━━━━━ Records for processing ━━━━━

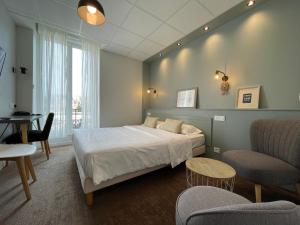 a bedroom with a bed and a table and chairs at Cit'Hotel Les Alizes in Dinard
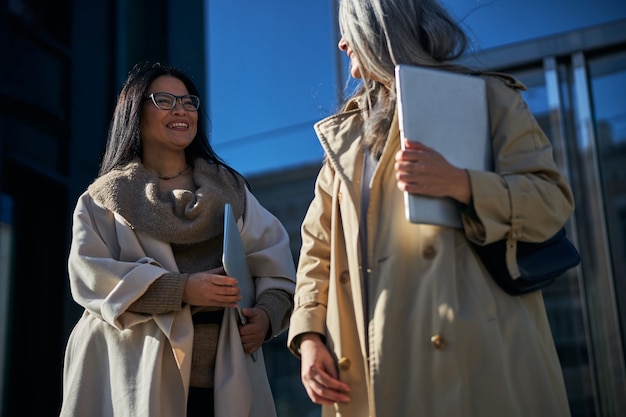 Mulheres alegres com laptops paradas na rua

━━━━━
━━━━━ Records for processing ━━━━━

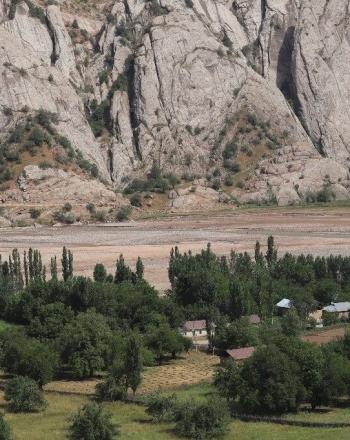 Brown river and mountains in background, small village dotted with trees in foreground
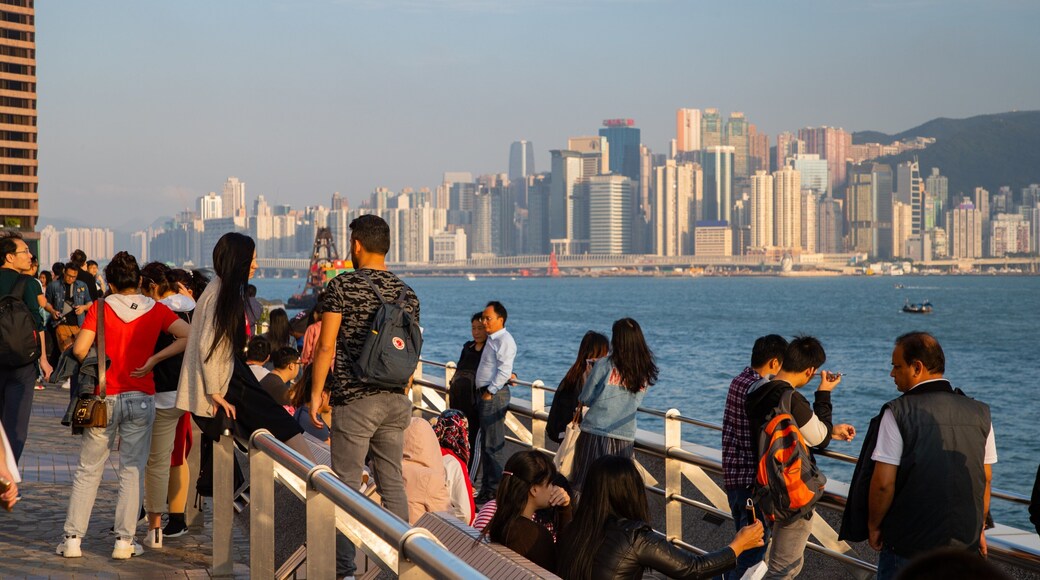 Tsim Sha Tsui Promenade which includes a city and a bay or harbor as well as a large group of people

━━━━━
━━━━━ Records for processing ━━━━━

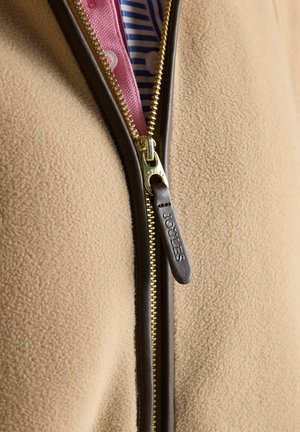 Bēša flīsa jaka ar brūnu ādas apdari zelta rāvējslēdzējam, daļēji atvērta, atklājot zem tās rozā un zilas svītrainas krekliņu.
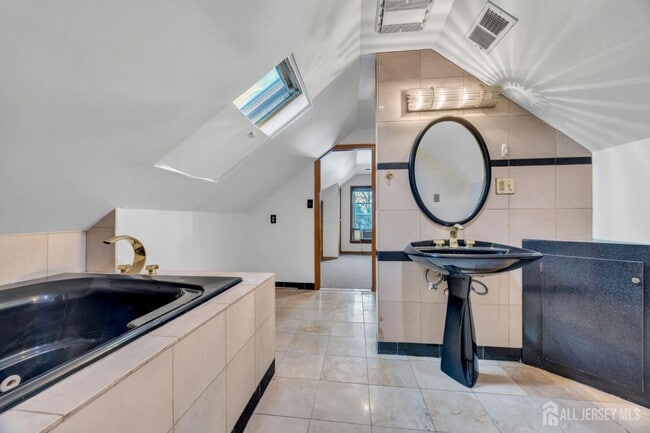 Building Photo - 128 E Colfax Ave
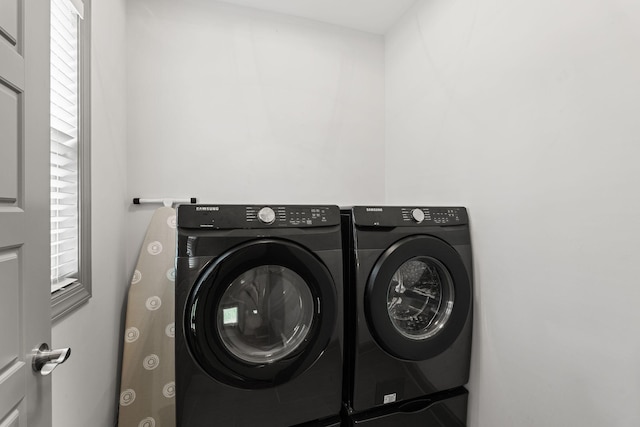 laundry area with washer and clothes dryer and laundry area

━━━━━

> Exercise directions:
Above are some records; extract exactly the lines from the one containing "a bedroom with" through the one containing "Mulheres alegres com laptops paradas na rua" and drop the pictures.

> Output of the exercise:
 a bedroom with a bed and a table and chairs at Cit'Hotel Les Alizes in Dinard
 Mulheres alegres com laptops paradas na rua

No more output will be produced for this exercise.